THE MINISTRY of Digital Economy and Society (MDES) has teamed up with the Thai Chamber of Commerce (TCC) to study Japan’s satellite model to seek supervisory direction for the satellite industry, in which foreign investments will be allowed after Thaicom Plc’s 20-year satellite concession ends in 2021.
Vunnaporn Devahastin, the deputy permanent secretary of the ministry, said the country must be well prepared as the new bill on the organisation to assign radio frequency and to regulate broadcasting and telecommunication services awaits a Royal Decree.
Supervising, thus, needs a study of overseas information, while discussions with Japan’s Office of National Space Policy allowed Thailand to see the process, she said.
Japan liberally permits enterprises from other countries such as Vietnam, United Arab Emirates and Saudi Arabia to operate satellites with clearly separate operations.
Japan’s ministry for information, communications and technology normally joins the prime minister’s office to set plans which will, then, become the policy for related ministries to follow the strategic plans.
“In Thailand, after the new bill comes into force, it will be necessary to clearly separate the authority of the ministry and the NBTC [National Broadcasting and Telecommunications Commission]. Based on the new bill, a request for operating licences will go to the NBTC, while the ministry will set the policy to cope with the planned liberalisation of the satellite industry in Thailand,” Vunnaporn said.
In the overall satellite industry of the future, there will likely be more internet satellites amid a global move into investments in services from non-geostationary satellite orbit, such as low earth orbit and medium earth orbit, thousands of which can be sent to the sky each time due to their small sizes.

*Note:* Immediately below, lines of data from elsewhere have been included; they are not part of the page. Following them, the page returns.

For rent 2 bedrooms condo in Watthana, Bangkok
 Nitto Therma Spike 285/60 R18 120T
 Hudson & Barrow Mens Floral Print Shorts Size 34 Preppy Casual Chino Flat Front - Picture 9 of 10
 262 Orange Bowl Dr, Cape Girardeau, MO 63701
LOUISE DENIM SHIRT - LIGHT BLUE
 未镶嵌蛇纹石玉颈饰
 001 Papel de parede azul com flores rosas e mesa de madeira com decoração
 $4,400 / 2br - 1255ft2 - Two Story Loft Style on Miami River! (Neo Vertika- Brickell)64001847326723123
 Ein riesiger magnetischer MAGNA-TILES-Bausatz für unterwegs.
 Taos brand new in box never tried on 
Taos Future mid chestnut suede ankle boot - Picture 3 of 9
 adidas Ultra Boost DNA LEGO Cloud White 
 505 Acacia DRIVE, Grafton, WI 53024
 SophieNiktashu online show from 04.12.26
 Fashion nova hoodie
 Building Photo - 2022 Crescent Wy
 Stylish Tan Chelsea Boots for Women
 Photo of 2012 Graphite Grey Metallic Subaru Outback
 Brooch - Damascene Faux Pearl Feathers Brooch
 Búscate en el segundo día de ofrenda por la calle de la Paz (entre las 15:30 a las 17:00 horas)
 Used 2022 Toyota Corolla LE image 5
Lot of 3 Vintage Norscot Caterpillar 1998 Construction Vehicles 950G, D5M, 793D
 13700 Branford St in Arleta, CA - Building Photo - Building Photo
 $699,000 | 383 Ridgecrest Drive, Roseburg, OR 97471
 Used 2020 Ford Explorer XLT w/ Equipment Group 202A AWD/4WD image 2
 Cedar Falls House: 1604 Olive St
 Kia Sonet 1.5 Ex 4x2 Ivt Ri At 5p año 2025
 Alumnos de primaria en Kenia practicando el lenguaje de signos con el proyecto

These satellites serve several services – from high-speed internet 5G, internet of things (IoT), high-speed data transmission, survey, navigation to high-resolution photography.
The satellite industry is expected to see high competition with more operators, while several industries may have to rely more on satellites.
In Japan, most satellites are the low earth orbit type and thousands of them can be sent into the sky each time.
Presently, there are about 1,000 satellites in the sky, compared to the past five years’ 200 satellites.
In 2021, the number of low earth orbit satellites are expected to see a big jump as seen from the licences for 10,000 satellites given to Space Exploration Technologies (SpaceX)’s founder Elon Musk, who also leads Tesla, which makes electric cars, giant batteries and solar products.
His move is expected to create demand for satellites in the industry. In Thailand, Thaicom’s satellites – Thaicom 4 (Ipstar), Thaicom 5 and Thaicom 6 – will end their concessions and still see high demand for their services to cope with the demands of 5G, IoT and artificial intelligence.